When the instructions are executed by the processor 705, the processor 705 may perform determining whether a set condition for a TTI is satisfied, storing, in the memory 710 at each TTI until a set TTI elapses, a data array including a network state of a current TTI, a scheduler type selected at the network state of the current TTI, a network state of a next TTI, and an actual compensation value for the network state of the current TTI, in response to the set condition being satisfied, updating parameters of a first neural network based on at least one of data arrays stored in the memory 710, inputting the network state of the current TTI into the first neural network, in response to the set condition being not satisfied, and selecting a scheduler using an output from the first neural network based on the inputted network state of the current TTI.


The updating of the parameters may further include extracting at least one data array from the memory 710, and adjusting the parameters of the first neural network based on the extracted data array.


The extracting of the data array may include randomly extracting a number of data arrays corresponding to a set batch size from the memory 710.
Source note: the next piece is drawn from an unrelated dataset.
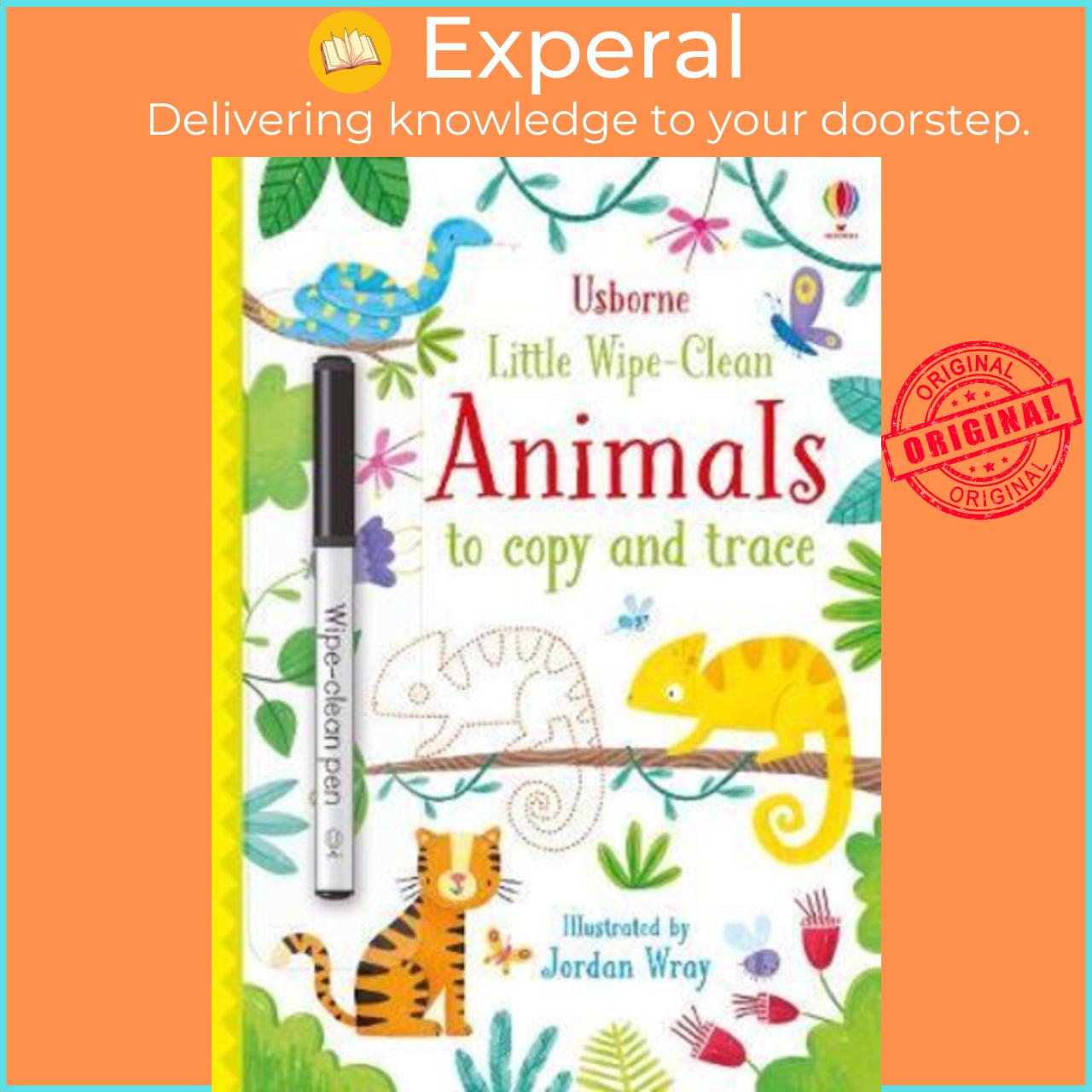 Sách - Little Wipe-Clean Animals to Copy and Trace by Kirsteen Robson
The adjusting of the parameters of the first neural network may include determining an estimated compensation value by inputting the network state of the current TTI and the selected scheduler type included in the extracted data array into the first neural network, determining a maximum compensation value by inputting the network state of the next TTI included in the extracted data array into a second neural network, determining a target compensation value based on the maximum compensation value and the actual compensation value included in the extracted data array, determining a loss value based on a difference between the estimated compensation value and the target compensation value, and adjusting the parameters of the first neural network so that the loss value may decrease.


The determining of the target compensation value may include applying a set depreciation rate to the maximum compensation value, and determining the target compensation value by adding the actual compensation value and the maximum compensation value to which the depreciation rate is applied.


The updating of the parameters of the first neural network may include periodically updating parameters of the second neural network to be the same as the parameters of the first neural network.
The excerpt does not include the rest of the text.